*What you should do*: Retype the line with "Apartment La Bizontine" exactly. Then retype every line after it through the end of the entries below, and nothing more, leaving out pictures.

---------- Task inputs ----------

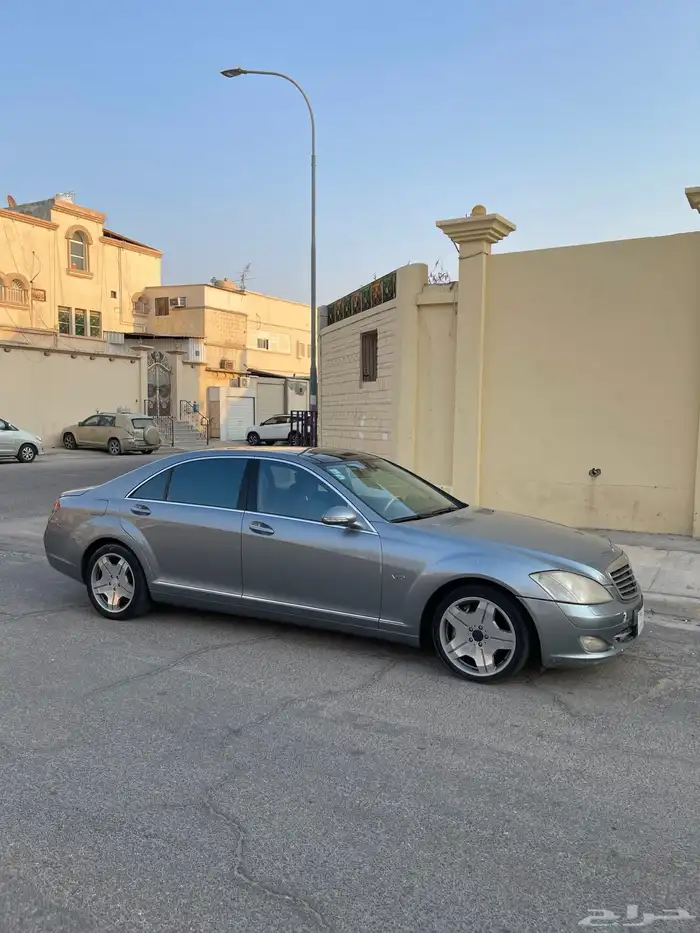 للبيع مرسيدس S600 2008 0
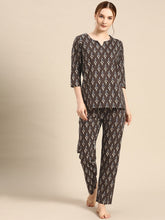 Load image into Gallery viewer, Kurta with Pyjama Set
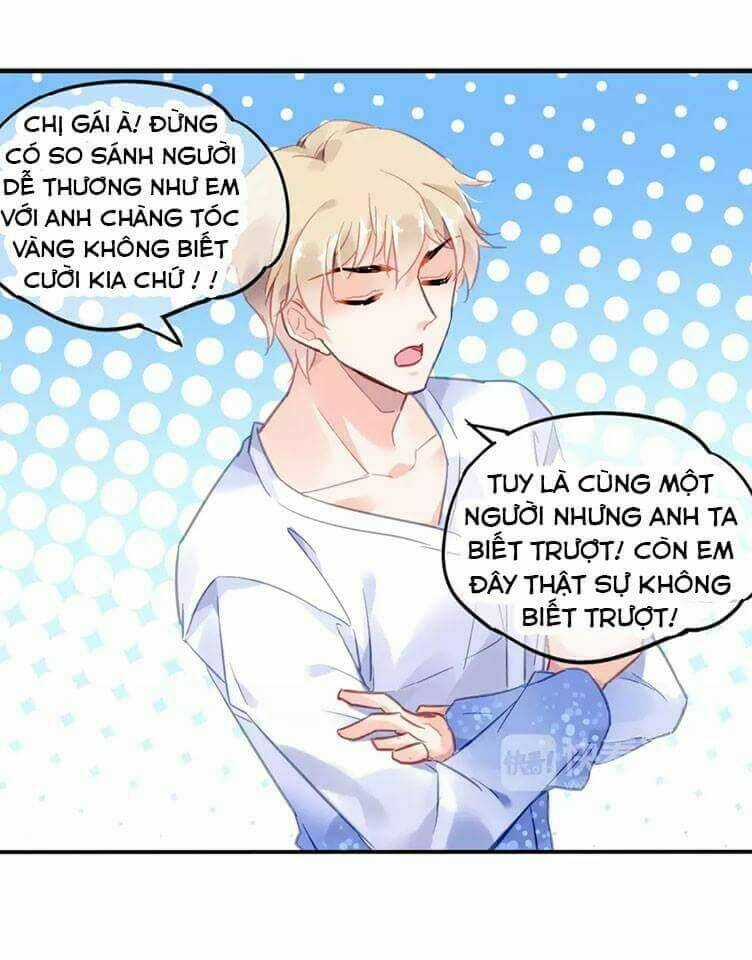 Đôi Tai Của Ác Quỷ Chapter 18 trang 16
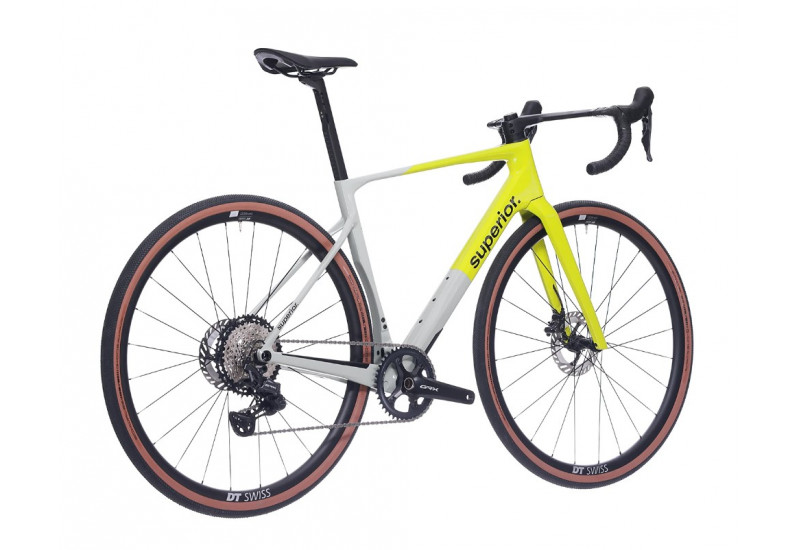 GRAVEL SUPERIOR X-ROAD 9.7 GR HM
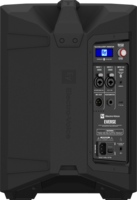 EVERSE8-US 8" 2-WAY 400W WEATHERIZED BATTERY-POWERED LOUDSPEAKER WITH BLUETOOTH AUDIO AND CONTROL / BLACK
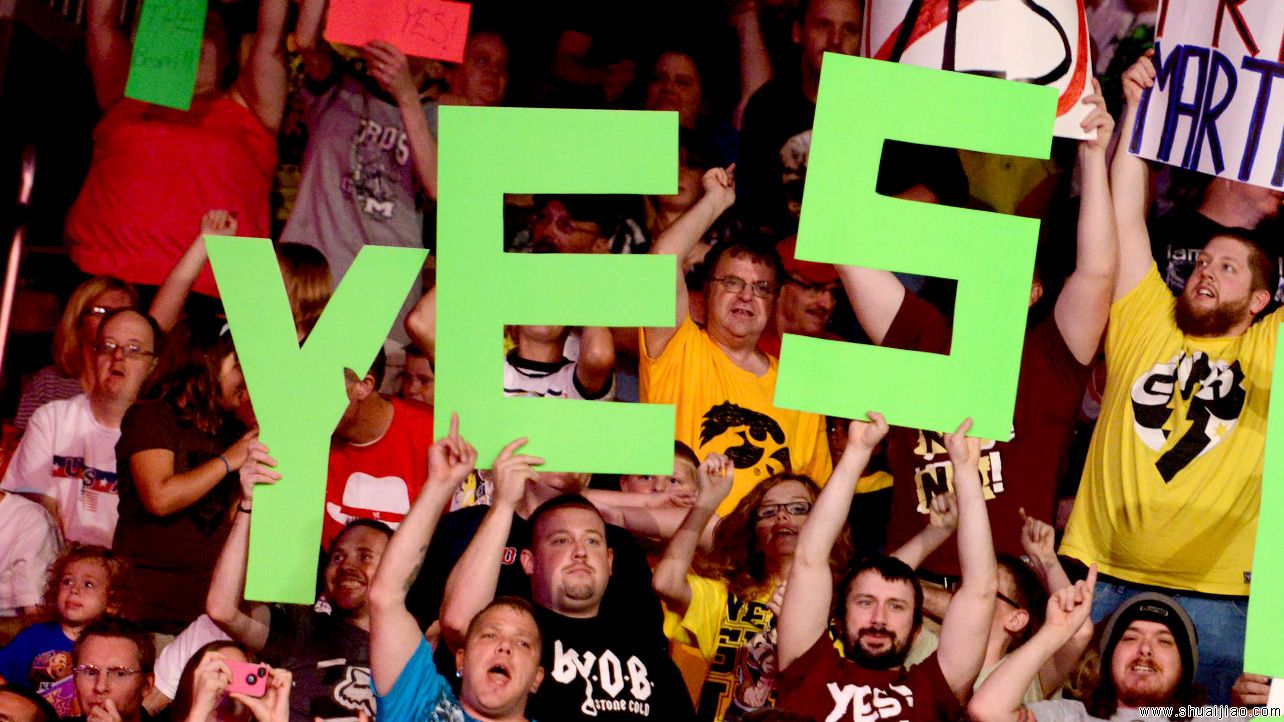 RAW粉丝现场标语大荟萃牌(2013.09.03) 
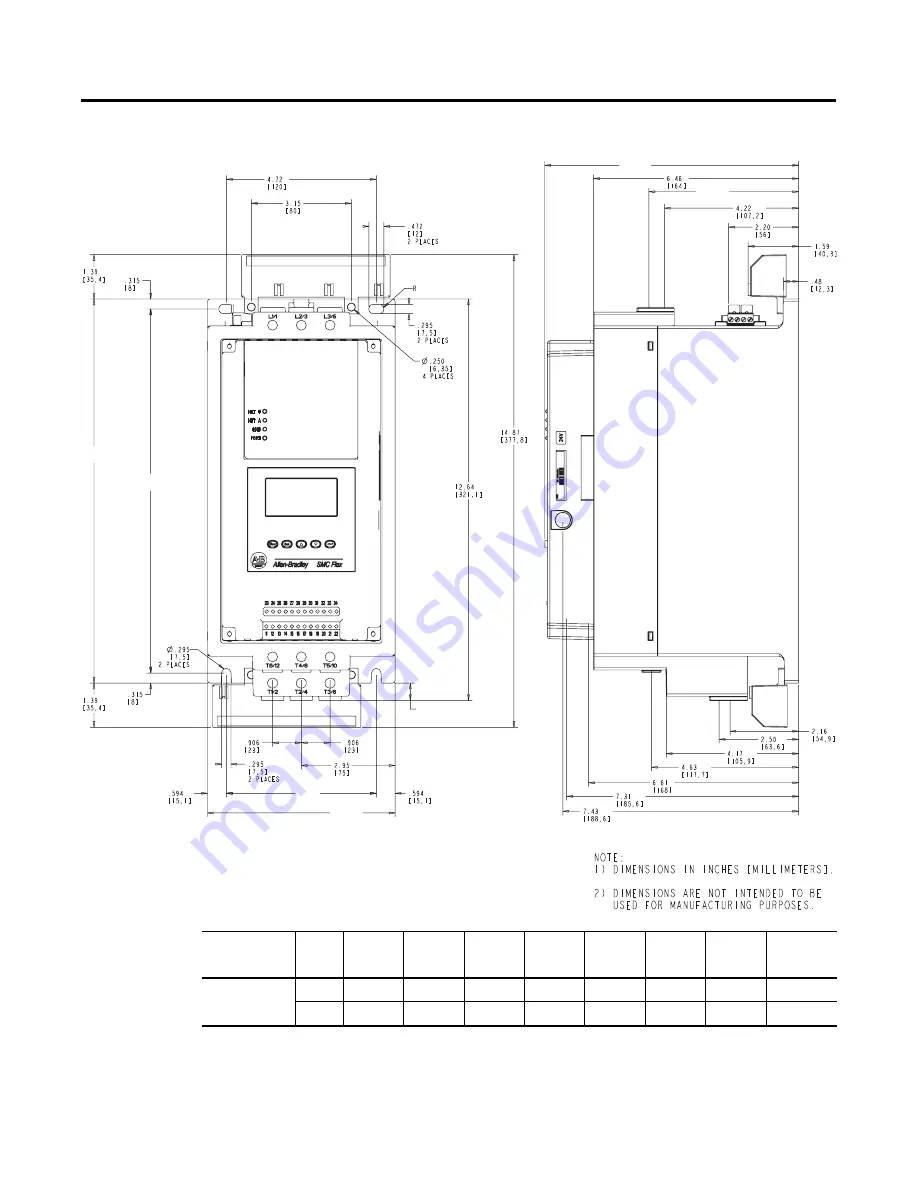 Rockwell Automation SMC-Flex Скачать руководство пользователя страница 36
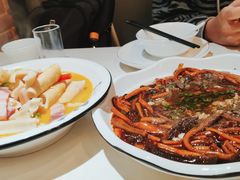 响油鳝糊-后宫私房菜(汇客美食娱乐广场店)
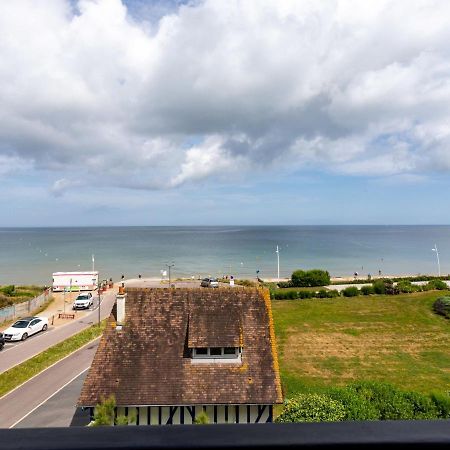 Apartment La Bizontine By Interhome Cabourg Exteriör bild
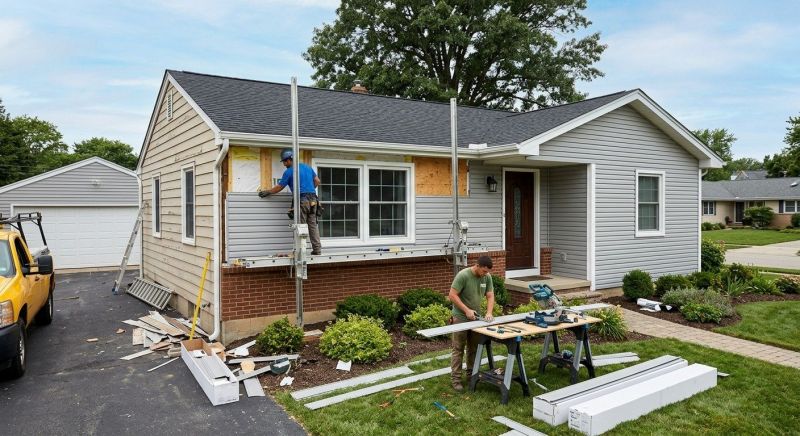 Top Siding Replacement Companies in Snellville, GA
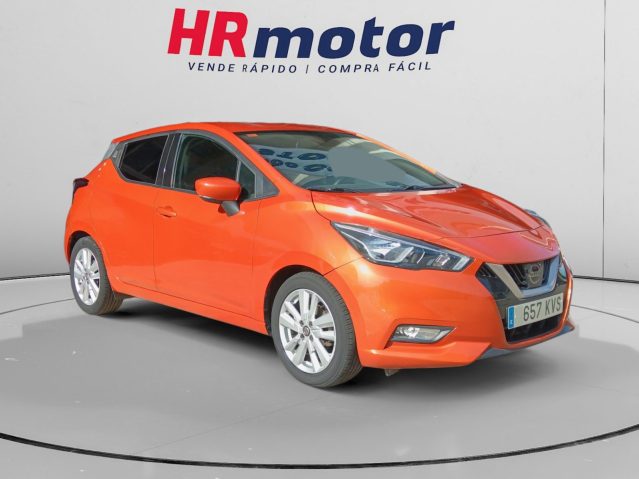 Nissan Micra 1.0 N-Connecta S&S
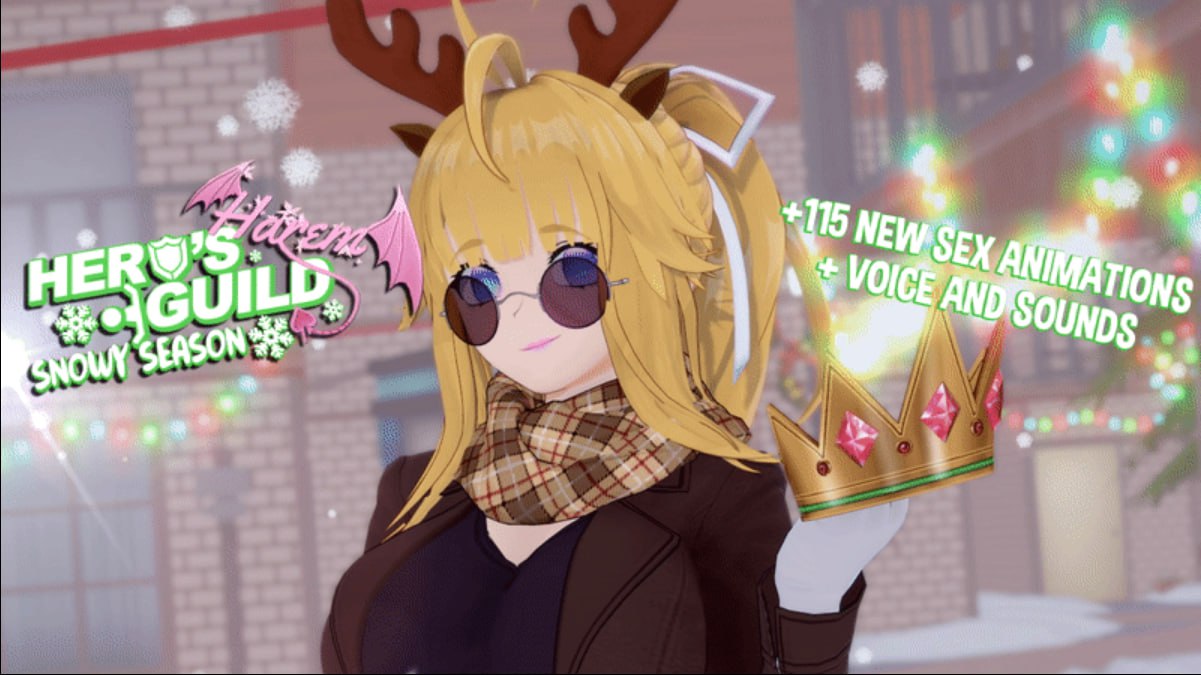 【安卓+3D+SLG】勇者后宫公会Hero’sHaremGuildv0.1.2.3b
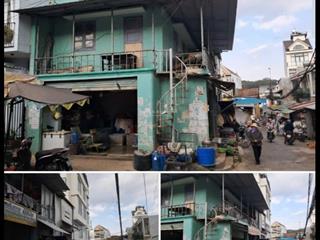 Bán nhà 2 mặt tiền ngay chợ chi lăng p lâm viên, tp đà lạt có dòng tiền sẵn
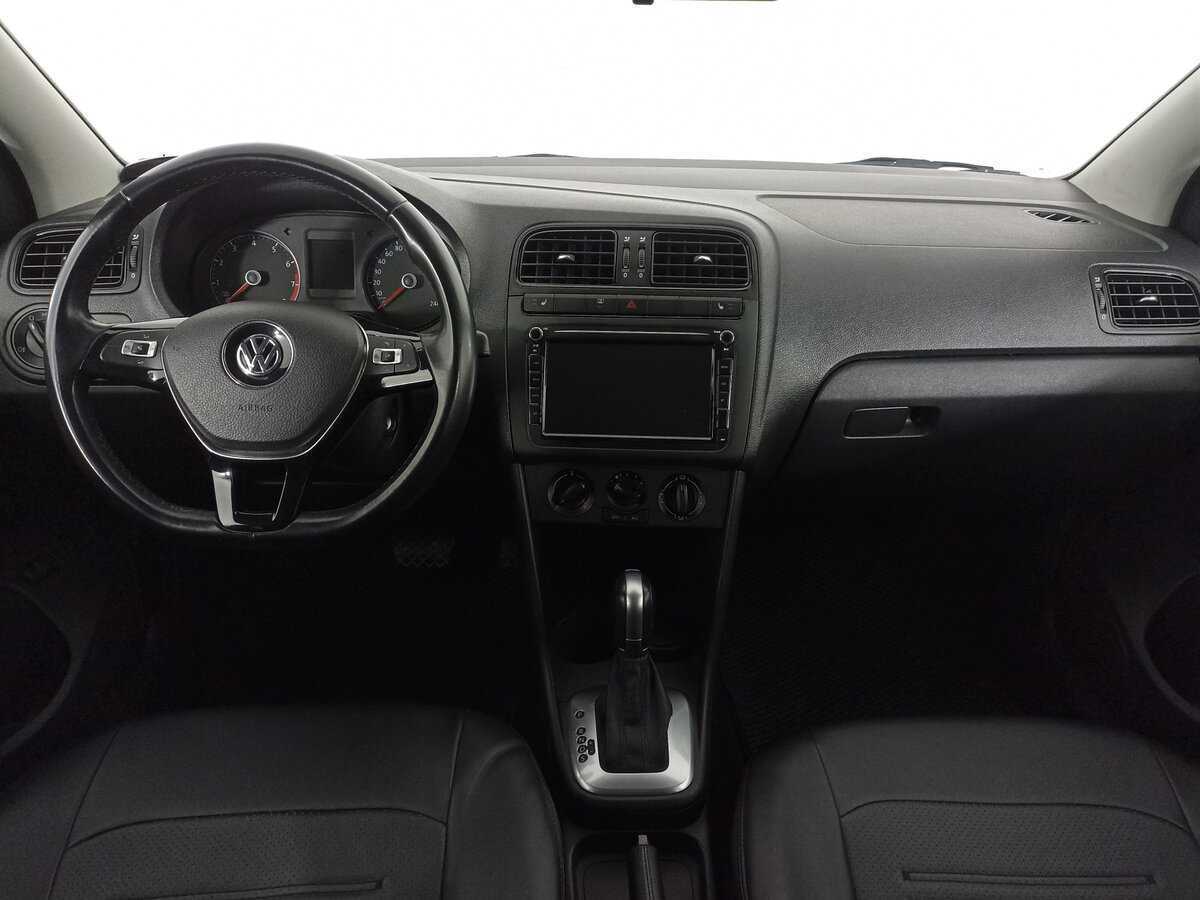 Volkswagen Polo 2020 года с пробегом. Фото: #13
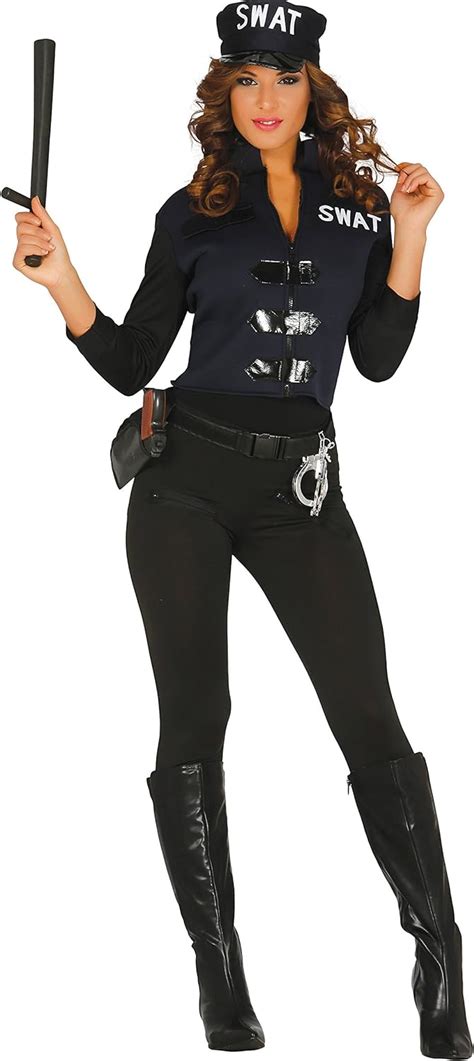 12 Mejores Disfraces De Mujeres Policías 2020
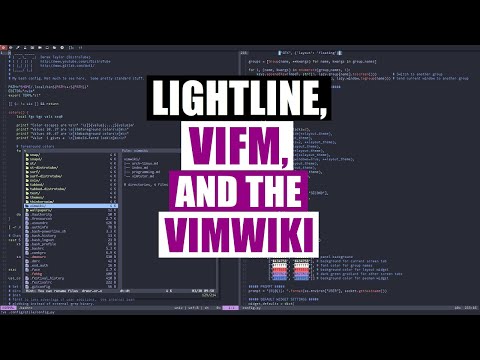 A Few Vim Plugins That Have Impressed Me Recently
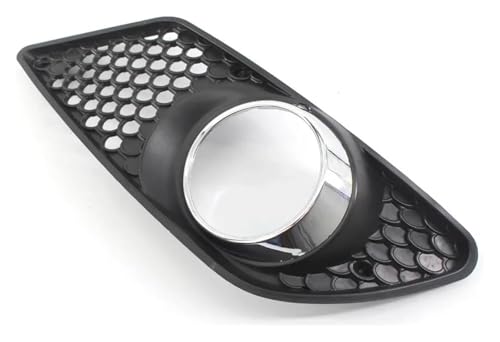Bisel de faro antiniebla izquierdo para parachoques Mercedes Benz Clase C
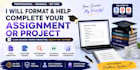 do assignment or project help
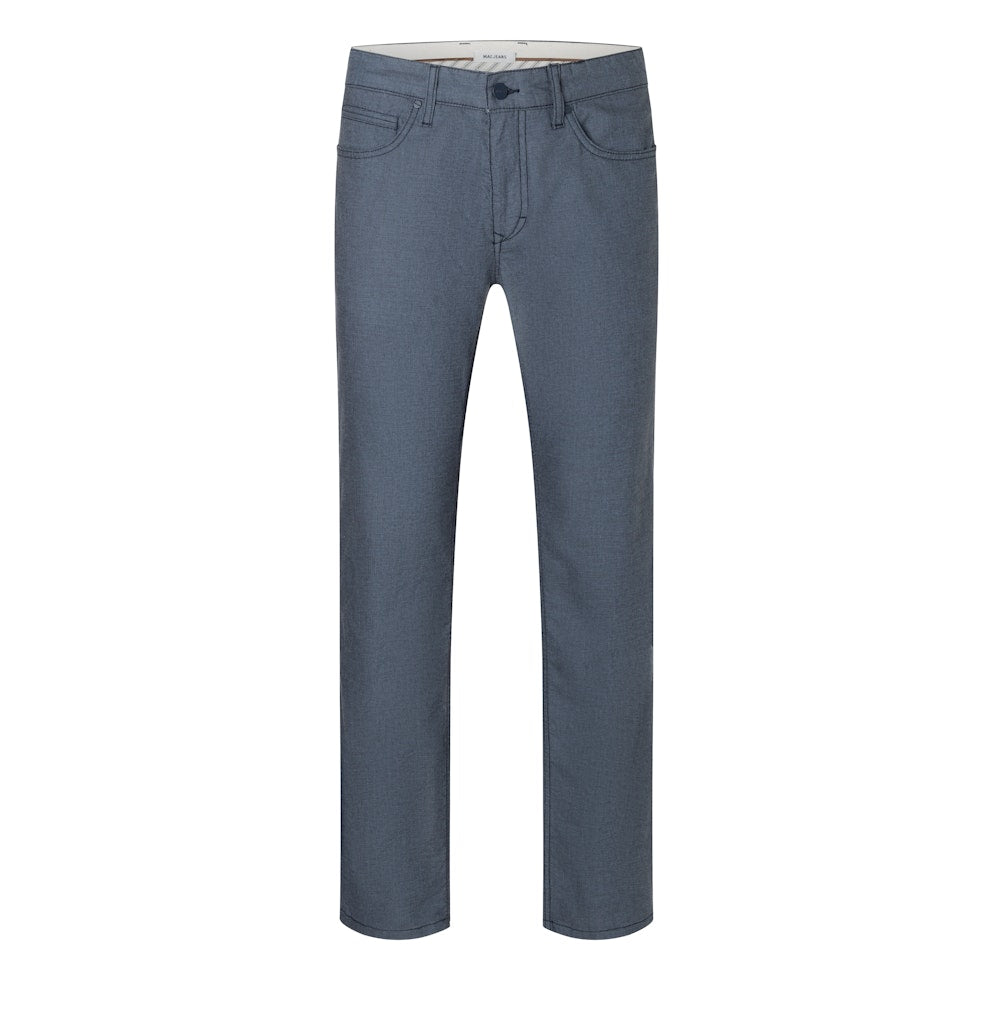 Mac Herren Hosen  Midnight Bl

----------

*Response below*:
 Apartment La Bizontine By Interhome Cabourg Exteriör bild
 Top Siding Replacement Companies in Snellville, GA
 Nissan Micra 1.0 N-Connecta S&S
 【安卓+3D+SLG】勇者后宫公会Hero’sHaremGuildv0.1.2.3b
 Bán nhà 2 mặt tiền ngay chợ chi lăng p lâm viên, tp đà lạt có dòng tiền sẵn
 Volkswagen Polo 2020 года с пробегом. Фото: #13
 12 Mejores Disfraces De Mujeres Policías 2020
 A Few Vim Plugins That Have Impressed Me Recently
Bisel de faro antiniebla izquierdo para parachoques Mercedes Benz Clase C
 do assignment or project help
 Mac Herren Hosen  Midnight Bl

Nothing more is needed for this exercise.